Bonnes pratiques

Infractions au volant d’un véhicule d’entreprise : ce qui pourrait changer

Mercredi 12 octobre, l’Assemblée Nationale a voté une loi qui rendra obligatoire, à partir du 1er janvier 2017, la communication aux autorités de l’identité des conducteurs de véhicules d’entreprise qui auront commis une infraction au code de la route. Cette mesure marque-t-elle la fin d’un traitement privilégié ?

Gestionnaires de flotte et conducteurs pouvaient craindre cette initiative, présentée par la presse comme la fin de l’impunité d’une catégorie de conducteurs ; mais l’affaire n’est pas si simple.
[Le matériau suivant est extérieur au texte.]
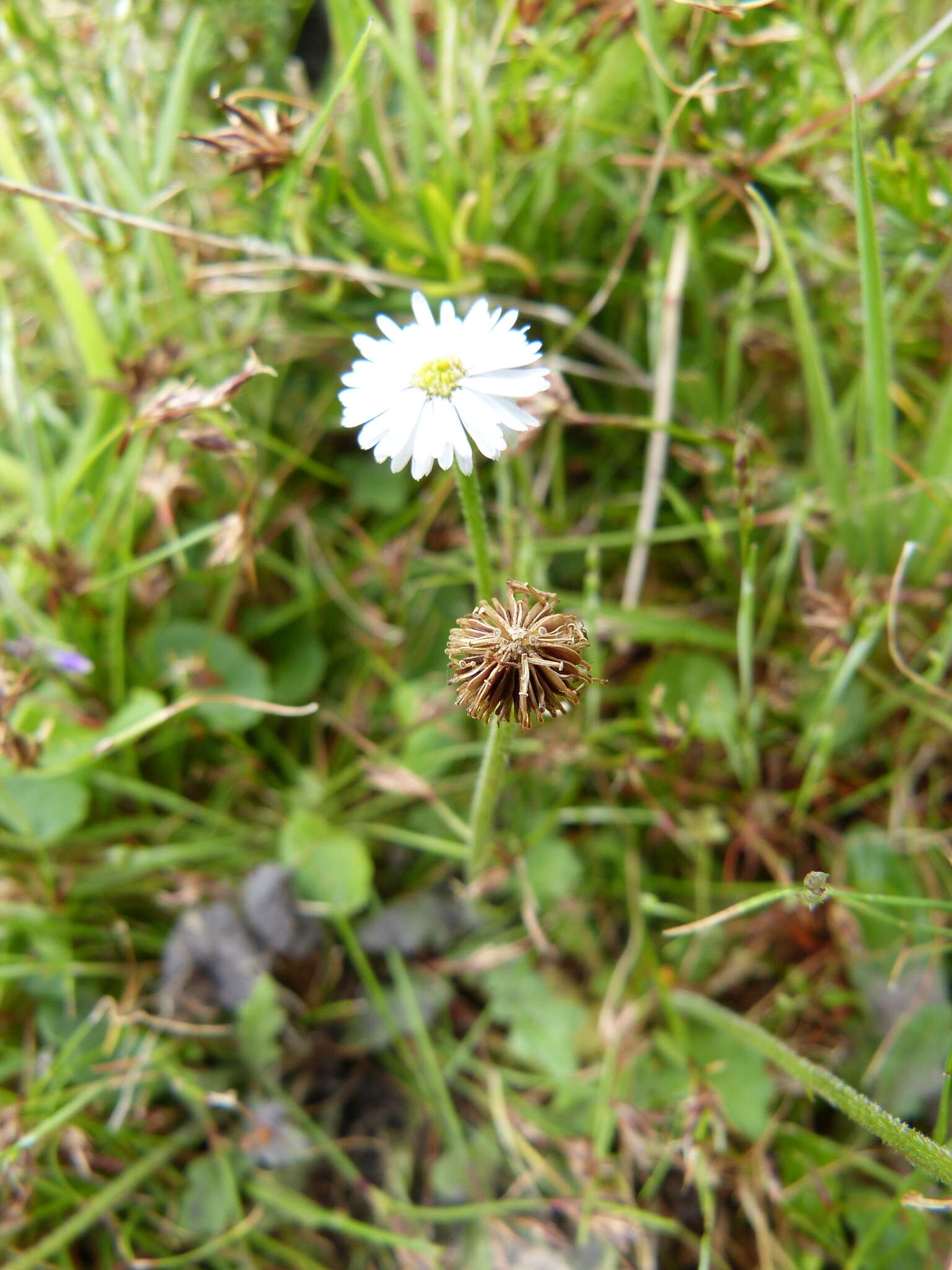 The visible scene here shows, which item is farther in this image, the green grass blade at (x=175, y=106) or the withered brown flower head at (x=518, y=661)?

Pour rappel, la situation actuelle est la suivante :

  • En cas d’infraction d’un de ses conducteurs, l’entreprise propriétaire du véhicule reçoit le PV car elle est titulaire de la carte grise.
  • Dans le cas d’un véhicule en location longue durée, l’article L.121-3 du code de la route impose le transfert de la responsabilité du titulaire de la carte grise, vers le locataire:
    « lorsque le véhicule est loué à un tiers, la responsabilité pécuniaire incombe au locataire ». L’entreprise qui loue le véhicule reçoit donc là aussi l’amende directement.
  • A la recherche d’une simplification de leur gestion, certains clients des loueurs inversent la perspective, en demandant à leur prestataire de payer les amendes (y compris les amendes étrangères) sans délai pour éviter les pénalités. Le loueur refacture ensuite le montant de ces amendes et le coût de cette prestation.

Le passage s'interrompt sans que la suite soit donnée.